Этика, мне кажется, в этих делах должна быть чисто субъективной. Я допускаю единобрачие, моногамию и т. п., но не как общее правило, не как выражение чего-то истинного и совершенно не считаю их идеалом. Возможно, большая свобода в этих обстоятельствах — лучшая вещь. Страстность, чувственность — не страшна и справедлива — она красива, когда молоды. Нет хуже ипокризии (ханжества, лицемерия. — Р. Б.). Неясно, отчего чувственность лучше в единобрачии, а ведь она должна же быть.
При более правильном устройстве общественных условий и при более сильном развитии умственных интересов исчезнут проституция и разврат — но больше разовьётся красивая чувственность. Странно, что в этих вопросах и искренние люди боятся думать».
Перед уходом
После сокрушительных поражений фашистов под Сталинградом и Курском, в конце августа 1943 года, Вернадский вернулся в Москву. Время от времени он жил в санатории «Узкое» под Москвой.

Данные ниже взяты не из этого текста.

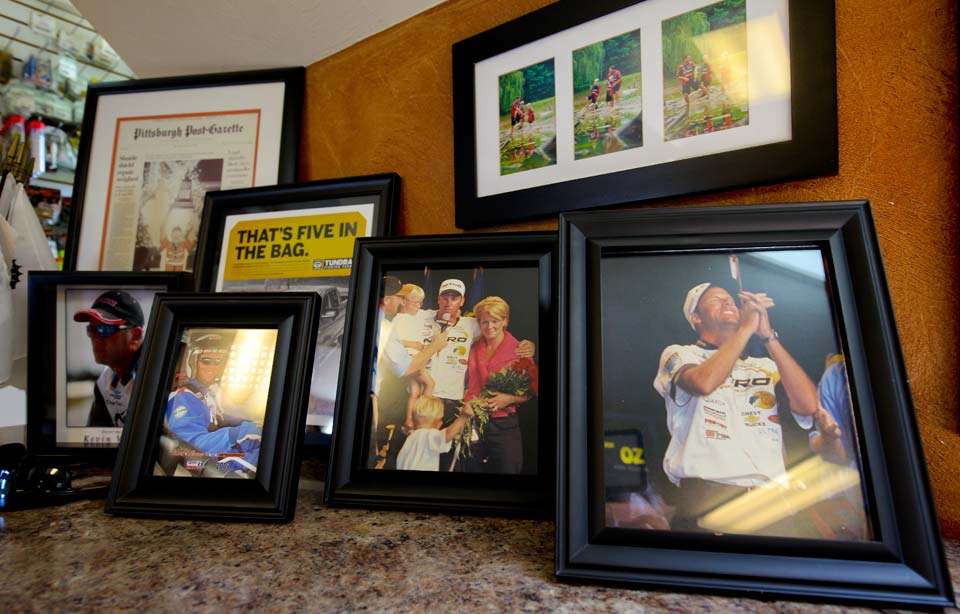 They share the same space as photos from his first Classic and those with his wife and sons. 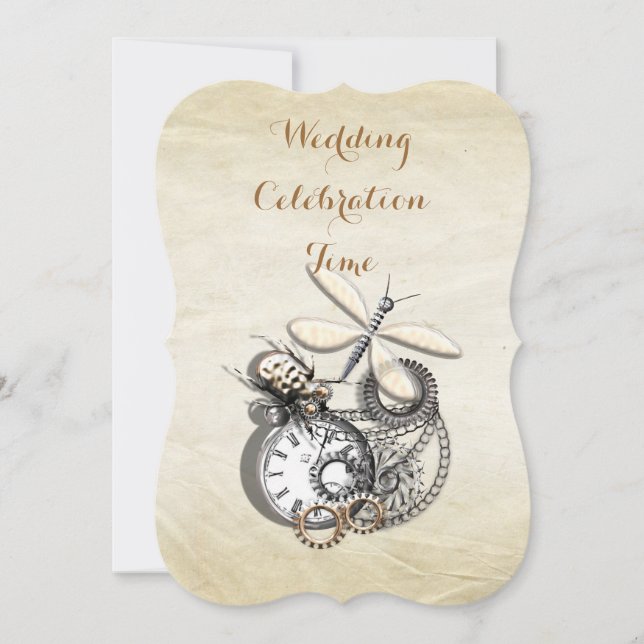 Invitation Mariage à thème Steam Punk inspiré de l'époque vic (Devant)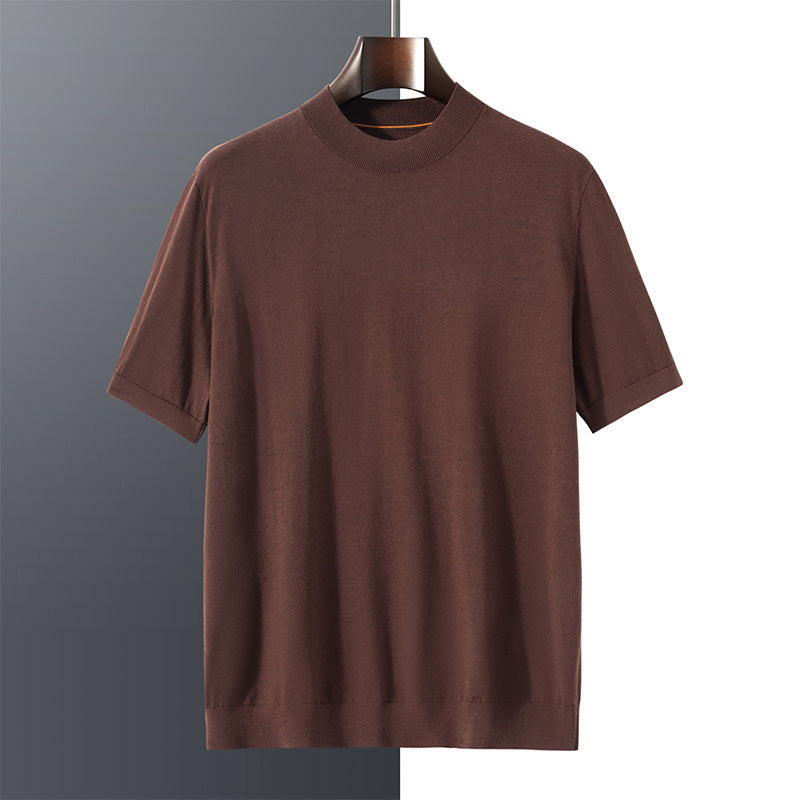 Men’s Cashmere Wool Short-Sleeve Crew Neck Sweater – Cozy Knit Pullover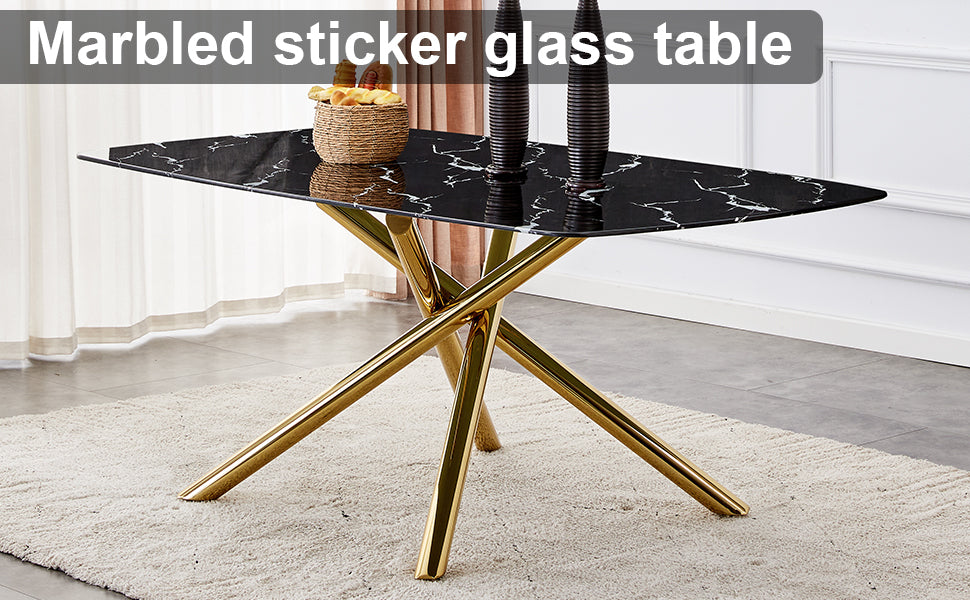 6-8 Seater Modern Kitchen Dining Table Rectangular Black Marble Table Top with Single Gold Metal Leg_3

В марте, в день восьмидесятилетия, ему присуждается Сталинская премия первой степени (половину ее он отдал на нужды Красной армии, другую половину почти целиком роздал). Он продолжал думать о будущем Родины. В записке президенту академии предложил:
«Я считаю необходимым восстановить деятельность Урановой комиссии, имея в виду как возможность использования урана для военных нужд, так и необходимость быстрой реконструкции разрушений от гитлеровских варваров…»
Эта комиссия была создана по его инициативе летом 1940 года Постановлением Президиума АН СССР. Председателем был избран В. Г. Хлопин, его заместителями — В. И. Вернадский и А. Ф. Иоффе. Работа её так и не успела развернуться.
В начале войны сын Владимира Ивановича Георгий в письме из США сообщил, что поговаривают о какой-то особой бомбе небывалой мощности. Владимир Иванович понял, что речь идёт об атомной бомбе. Этим объясняется его забота об Урановой комиссии. Значит, он верил, что руководители Советского Союза не будут применять атомное оружие в агрессивных целях, и оказался прав: атомные бомбы «испытали» на людях США, тогда как первую атомную электростанцию построили в СССР.